Life Saving Tips
With all the rain we have had this winter and spring, it may be hard to believe that Florida’s rainy season has not even started yet (May-October). Driving in the rain can be dangerous or even deadly. Too often drivers fail to consider the dangers of rain and, therefore, do not change their driving habits to fit the hazardous conditions they now face.
According to the U.S. Department of Transportation’s Federal Highway Administration, there are, on average, 1,235,000 weather-related crashes with 418,000 injuries and 5,376 deaths per year. The vast majority of most weather-related crashes happen on wet pavement and during rainfall: 70% on wet pavement and 46% during rainfall.
DO NOT becomes a rainy-day statistic. Here are some tips to reduce your chances of having an accident:
- Prepare your car for rain – check your tires, check your brakes, make sure windshield wipers are in working order, and make sure headlights, tail lights, brake lights, and turn signals are working properly.
- Know the road – take a moment to consider the route you will take. Avoid low lying areas that are prone to flooding.
- Stay focused – keep your eyes on the road and pay attention to your driving only. No distractions!

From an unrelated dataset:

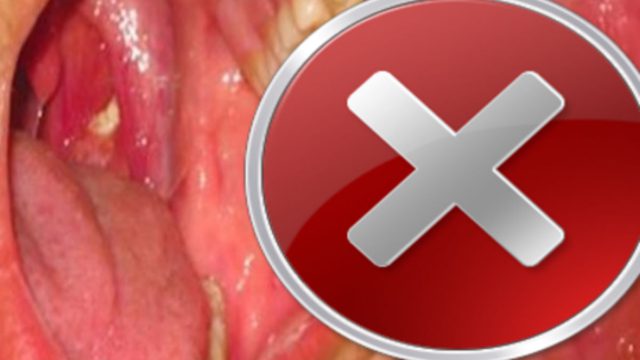 H αναπνοή της βρωμούσε τόσο άσχημα που αναγκάστηκε να πάει σε γιατρό – Δείτε τι κρυβόταν και μεγάλωνε μέσα στο στόμα της!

* Turn on your headlights – it is the law in all states. Please note – it is against Florida law to have your hazard lights on while you’re driving.
- Turn off cruise control – take control of your vehicle and the accelerator.

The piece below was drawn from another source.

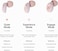 Loop Switch Earplugs &ndash; Multi-Mode Noise-Reducing Earplugs   Adjustable Passive Hearing Protection for Focus, Travel, Concerts, Socializing, Sports Events &amp; Noise Sensitivity   Reusable Ear Protection ROSE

- Slow down – driving too fast can make you lose traction and your tires will not be able to grip the road. Avoid slamming on your brakes.
- Leave room – stay at least 5 or more seconds behind the vehicle in front of you and keep space on all sides of you, so you do not get boxed in and the spray will not reduce your visibility.
- Stay in middle lane – water tends to pool in the outside lanes.
- Use extra caution when merging lanes – drive defensively and stay alert.
- Use defrosters – windows can often mist up in rain or high humidity impacting visibility. If your vehicle has no AC or defroster, open your window side windows slightly to get air moving.
- Turn around – if you see deep standing water or moving water, do not attempt to drive through, turn around and find another safer route.
- Be courteous – watch for and avoid splashing pedestrians or bicyclists.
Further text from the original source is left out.